Atelier Fantasmagories
Le cinéma est un médium hanté, la projection de personnes, de lieux et de choses qui ne sont plus.
Artists: Fabrice Cotinat & Yu-Ting Su
Un film peut faire apparaître devant nos yeux, comme des fantômes venus de l’au-delà, des performances du passé, des gestes d’acteurs qui ne sont plus, dans des cadres qui ont disparu pour toujours. Lorsqu’un film est perdu, comme l’ont été presque 80% des films muets, il est deux fois hanté, car un film égaré est une œuvre reléguée dans les limbes, une narration sans dernière demeure. Il est condamné à errer en terres profanes, esprit malheureux à qui l’on refuse de projeter sa lumière dans les salles de cinéma. Poussés par un désir désespéré d’entrer en contact avec ces tristes ectoplasmes, qui émerveillèrent autrefois de leur vie lumineuse les rétines réjouies du public, nous avons, tels des charlatans, des imposteurs, des médiums frauduleux, imaginé créer des adaptations à ces histoires. Car nous avons tous terriblement envie d’être dupés. C’est la nature de notre relation au cinéma : « Nous voulons être dupés, trompés, arnaqués ! ». (Guy Maddin)
Cet atelier propose la réalisation de courts films mis en scène avec les élèves. Nous avons réalisé plusieurs séquences filmées. Ces très courts métrages seront visibles simultanément grâce à une diffusion multi-écrans permanente dans l’espace virtuel du musée d’Ipotêtu. Les élèves en sont les interprètes et les auteurs.
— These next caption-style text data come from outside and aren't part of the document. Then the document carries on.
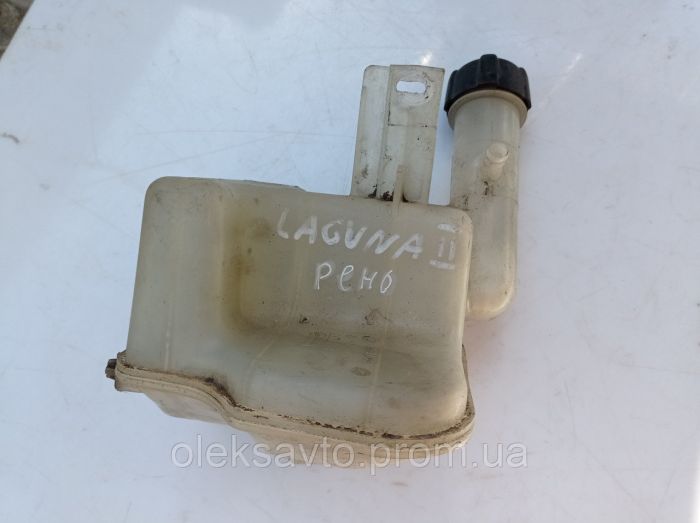 Бачок расширительный Рено Лагуна 2, Renault Laguna 2, 8200008864b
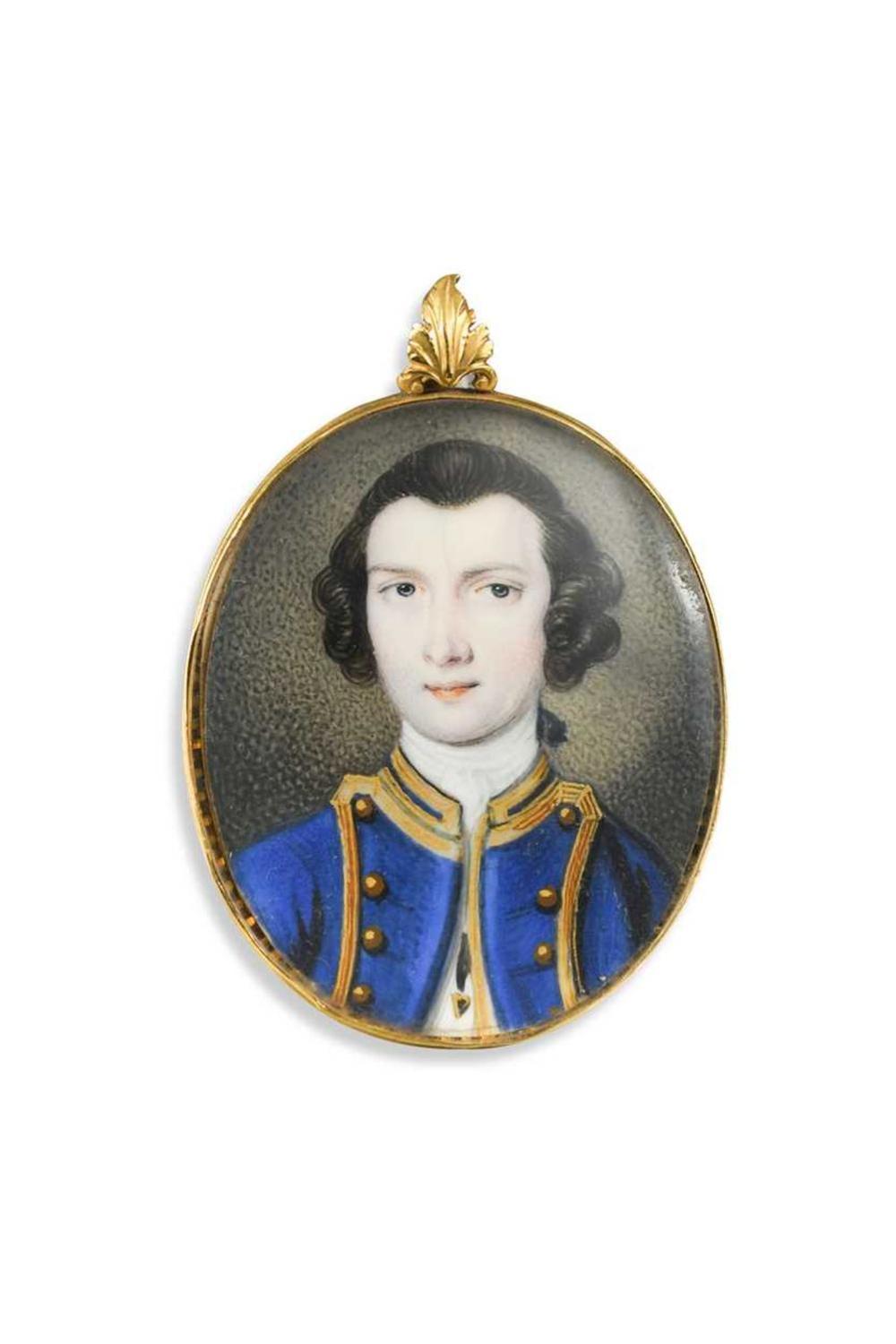 Peter Paul Lens comparable auction result: peter paul lens 1714 after 1754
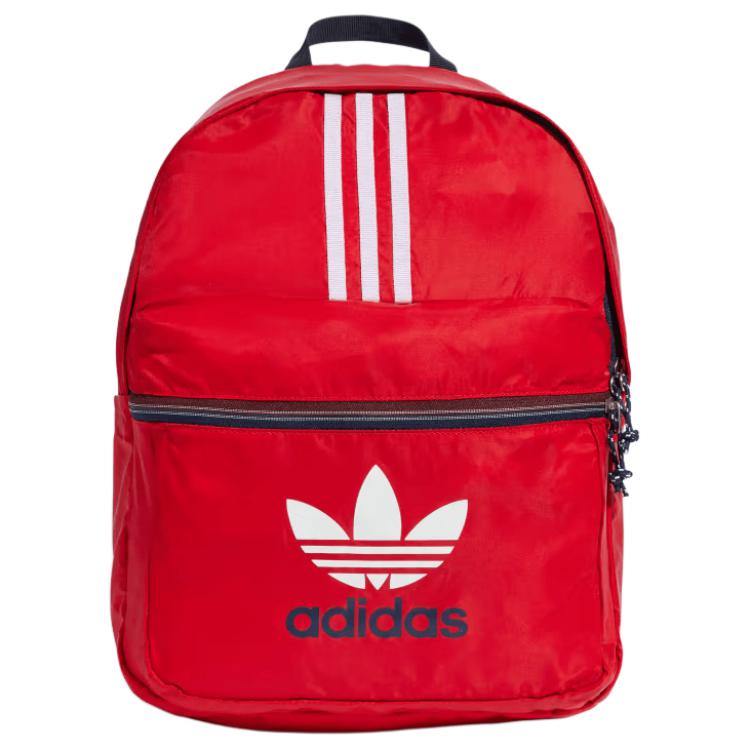 

Adidas Originals Archive Nylon Backpack Unisex Red Adidas IL4834 красный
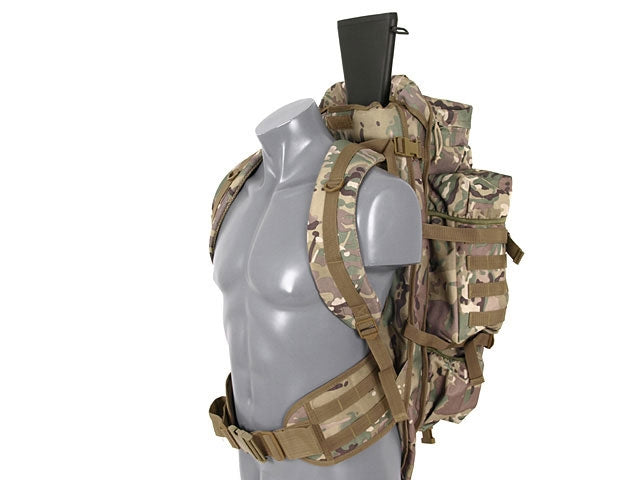 40L Sniper Backpack - Multicamo
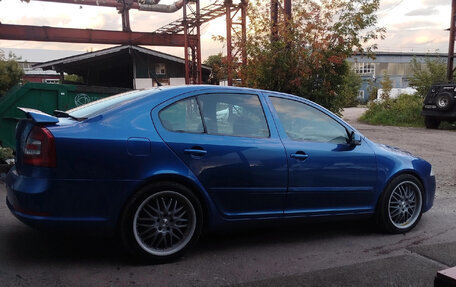 Skoda Octavia RS, 2008 год, 1 300 000 рублей, 10 фотография
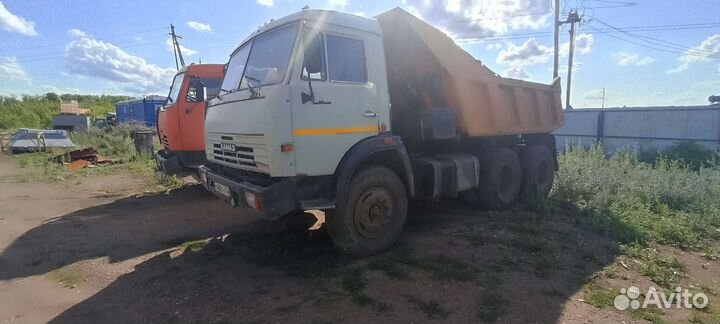 КамАЗ 55111, 2004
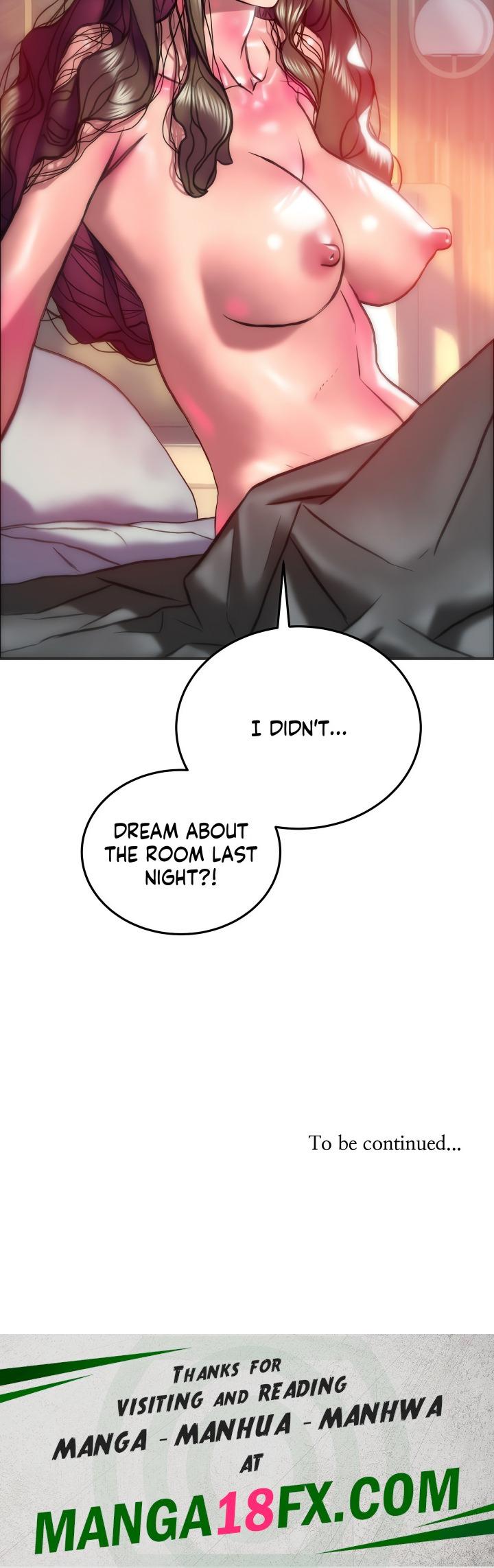 The Monster in My Room - Chapter 28 Page 25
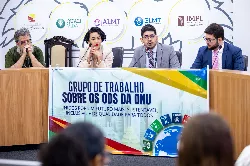 Assembleia instala GT para debater Objetivos de Desenvolvimento Sustentável da ONU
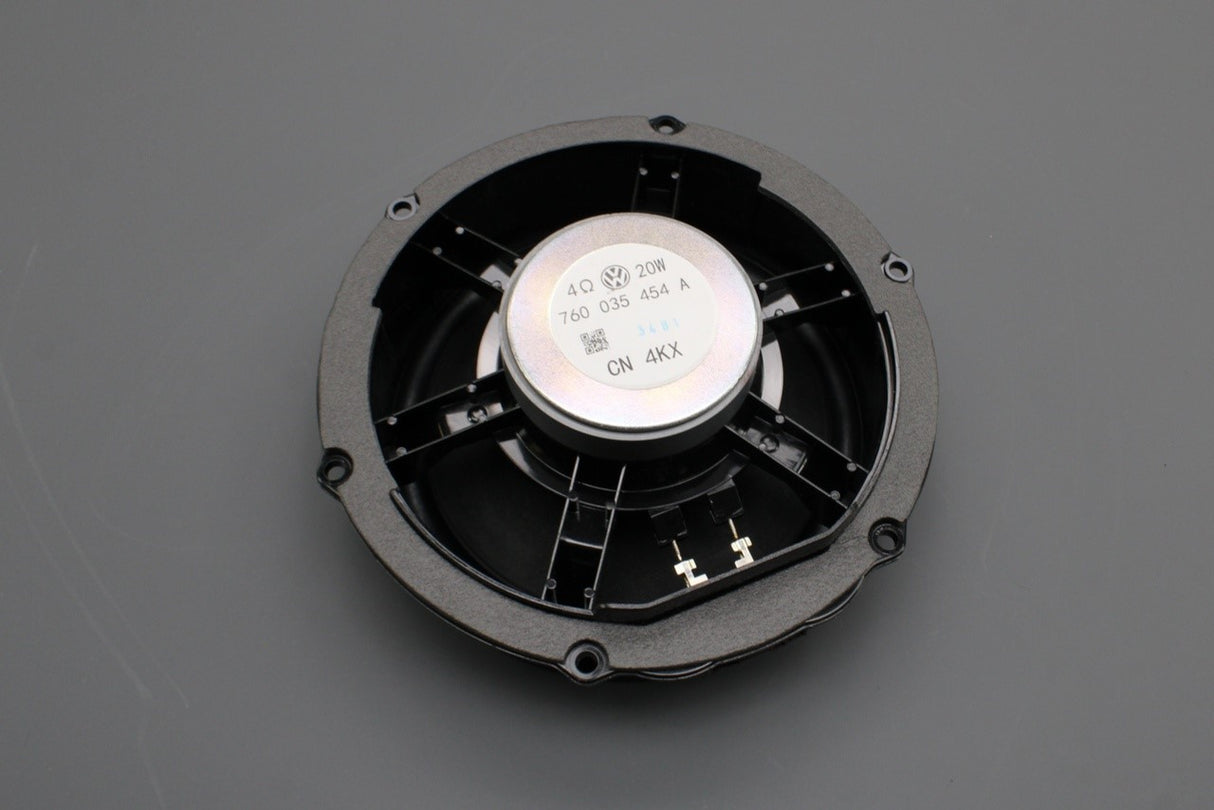 VW Touareg 2018-on door bass loudspeaker 760035454A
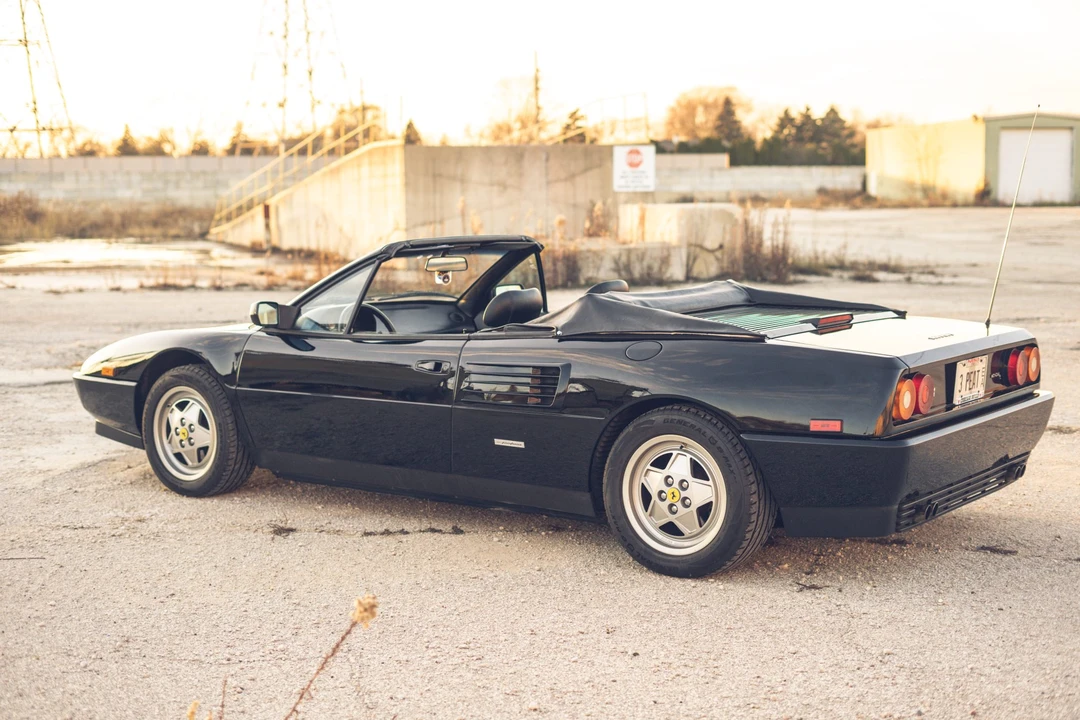 1990 Ferrari Mondial t - Image 23 of 31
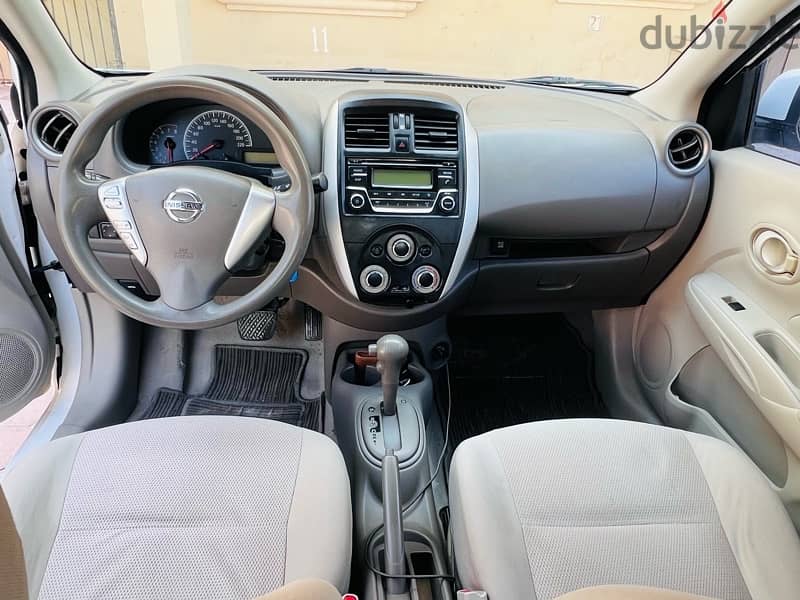 Nissan Sunny 2019 7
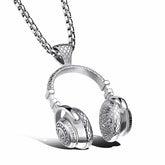 Colar Headphone - 3 cores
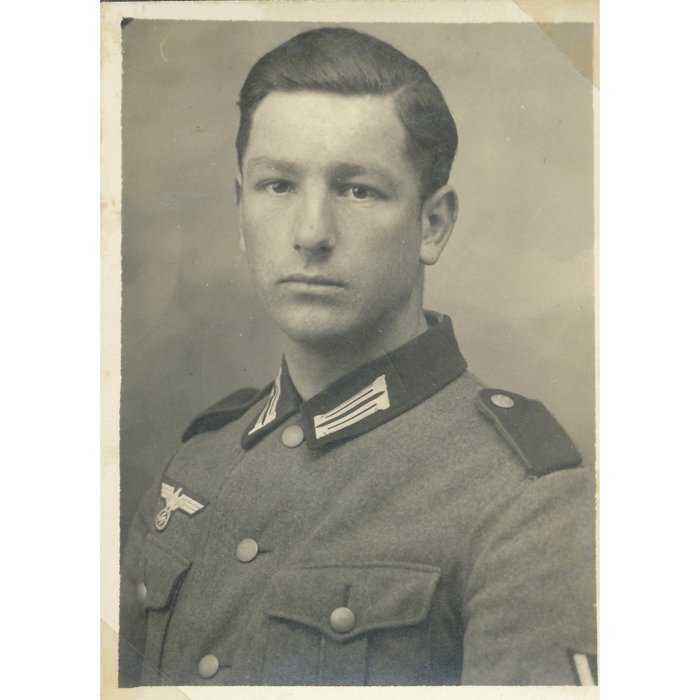 SAF47 Wartime photo album for a member of Heer Aufklärungs-Abteilung 1 — image 6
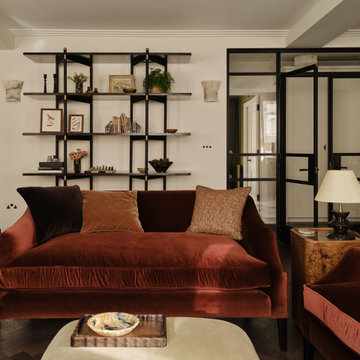 Marylebone High Street Apartment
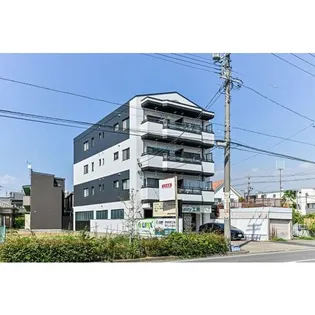 LOE高畑【402号室】の外観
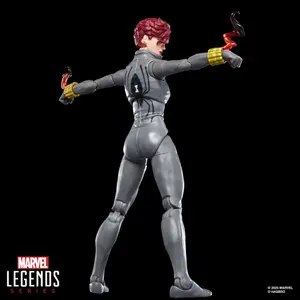 Φιγούρα Hasbro Marvel Legends Series Black Widow - Black Widow image-2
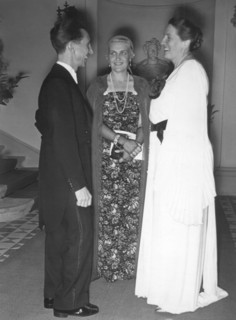 Joseph Goebbels in Bayreuth
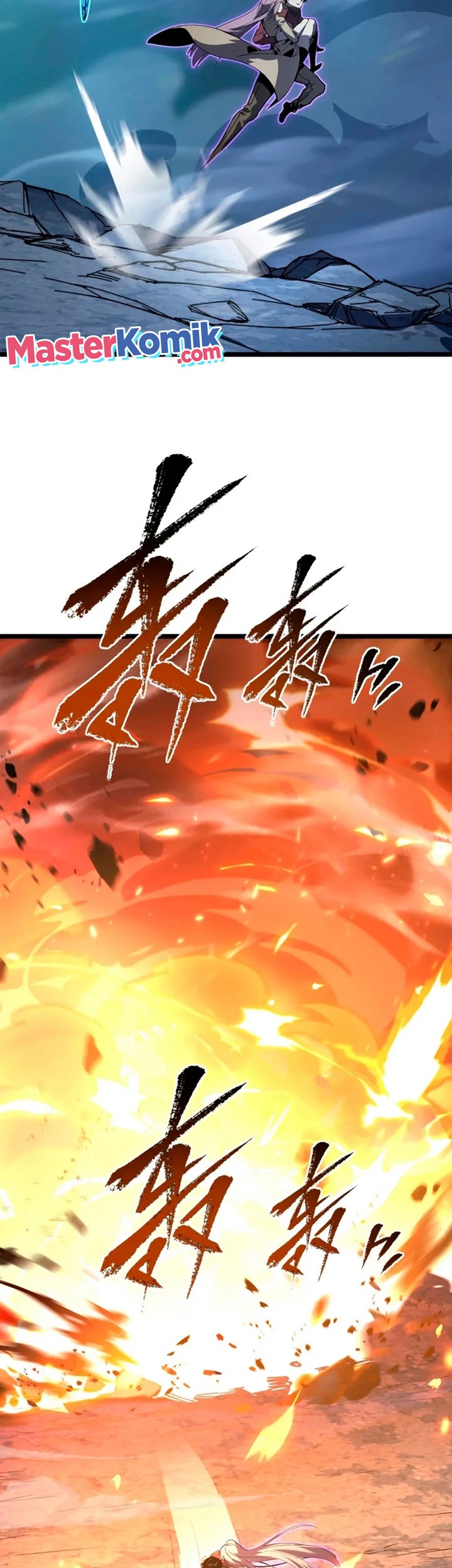 Rise From The Rubble Chapter 105 - halaman 38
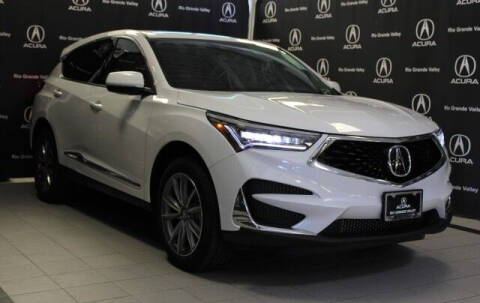 2021 Acura RDX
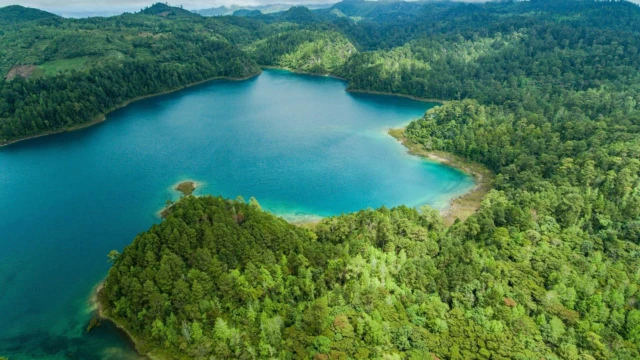 Lagunas de Montebello - Chiapas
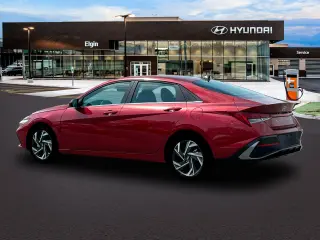 Hyundai ELANTRA 2024 SEL 4dr Sedan
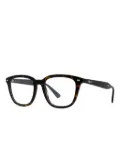 Kenzo square-frame glasses - Brown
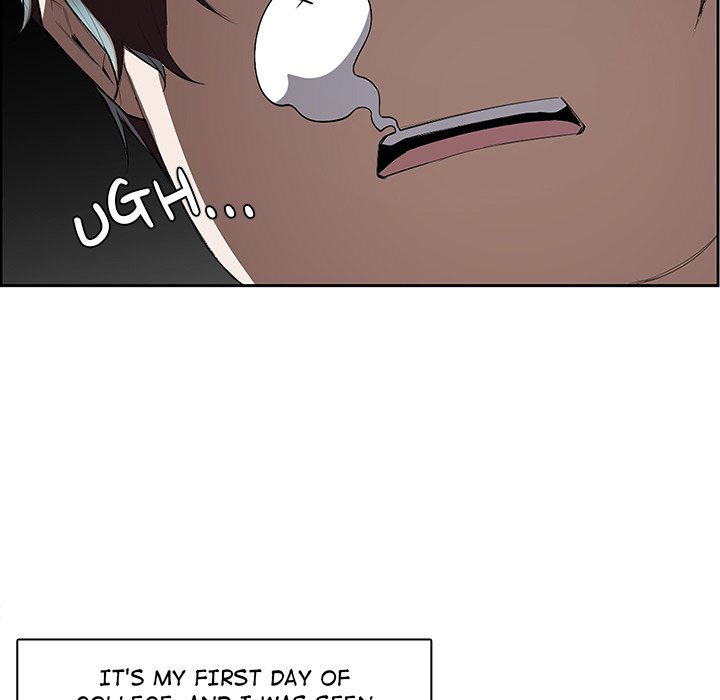 College Secrets Chapter 1 Page 100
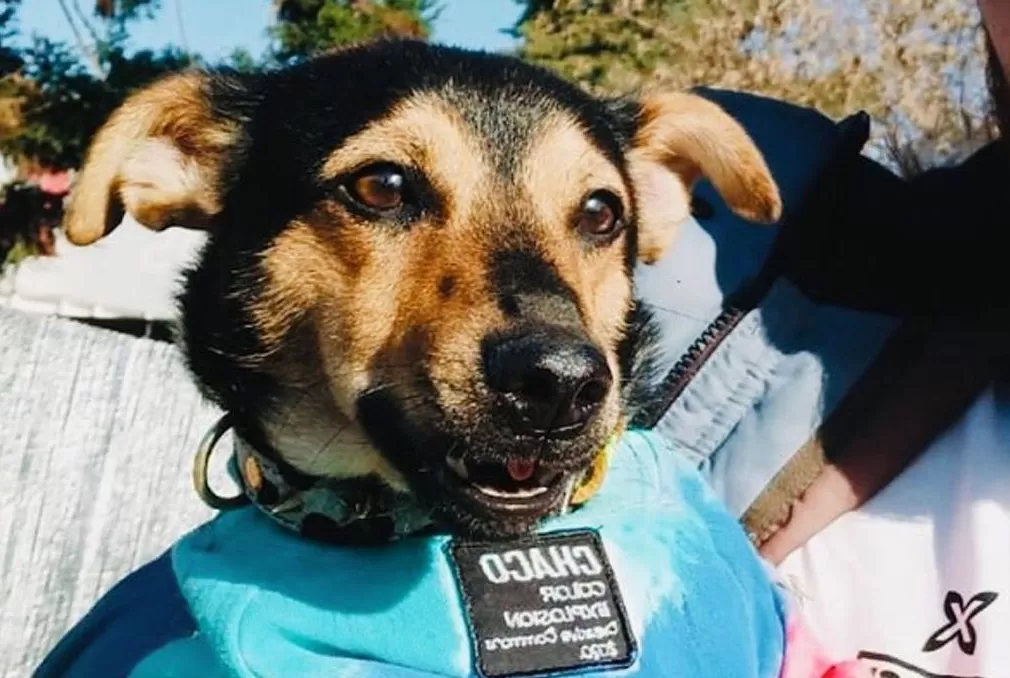 Coco se reencontró con su familia en Córdoba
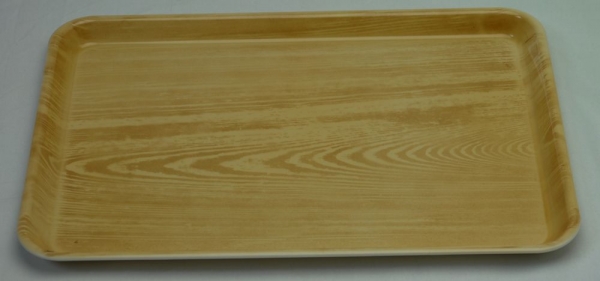 ���H��@�Ή���33cm �g���[  �ۖڃu���E�� �m���X���b�v���H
Nous avons apporté avec nous nos « accessoires minimum de créations », qui sont des œuvres qui nous appartiennent et qui, pour l’occasion, ont été utilisés pour être intégrés dans les films. Le cartable vidéo, la machine à dessiner, le véhicule d’exploration d’expositions. À l’intérieur des films produits, ces « accessoires » doivent devenir des véhicules d’exploration particuliers, utilisés pour voyager dans le collège, dans le temps, dans la réalité et le jeu. Comme des prothèses, leur rôle est d’appuyer et soutenir le jeu des jeunes interprètes, de les transfigurer, de les transporter vers un autre univers. Cet univers est une face cachée du collège, un monde parallèle qui cohabite avec le monde connu en surface et qui nous octroie la possibilité d’une expression libre par la ré-interprétation du quotidien.
Déroulé de l’atelier
L’atelier s’est déroulé au collège Pierre Emmanuel du lundi 26 au vendredi 30 novembre 2018, en collaboration avec les professeurs: Julie Durieu, Marie Falgas, François Calavia, Juliette et Marine (services civiques). L’atelier s’est installé dans les espaces de la salle polyvalente et ponctuellement, pour les tournages, de l’ensemble des espaces du collège.
Après les présentations et l’exposition orale du contenu et but de l’atelier, nous avons visionné le film 3017 que nous avons réalisé ensemble, Yu-Ting et moi-même. Ce film a été tourné dans une bourgade de la Creuse et interprété par les habitants. Puis un débat a été engagé, qui avait pour but de faire comprendre aux élèves comment il était possible et admis de réaliser un film avec des non professionnels, ayant en tête l’idée de réaliser une fiction. Ensuite nous les avons formés au maniement du matériel; Usage du trépied, de la caméra et des éclairages. Chacun s’est ensuite vu assigné des rôles, en fonction de leurs affinités, à travers les pratiques des métiers du cinéma. Les contraintes de groupes ne nous permettaient pas de dérouler un film sur une semaine, les opérateurs et figurants devant s’alterner d’un groupe à l’autre. Nous avons donc convenu ensemble de produire des séquences autonomes qui navigueraient autour d’une histoire commune inventée et inspirée par la vie au collège.
Sans scénario préalable, nous avons imaginé et produit des situations.
Les élèves ont du trouver les lieux dans le collège et produire des situations où ils devenaient à la fois interprètes et réalisateurs tout en s’emparant des moyens et objets mis à leur disposition. Nous les avons orientés dans leurs choix en leur faisant prendre conscience, à chaque fois, des effets visuels et trucages possibles directement à la caméra dans le style de Georges Méliès.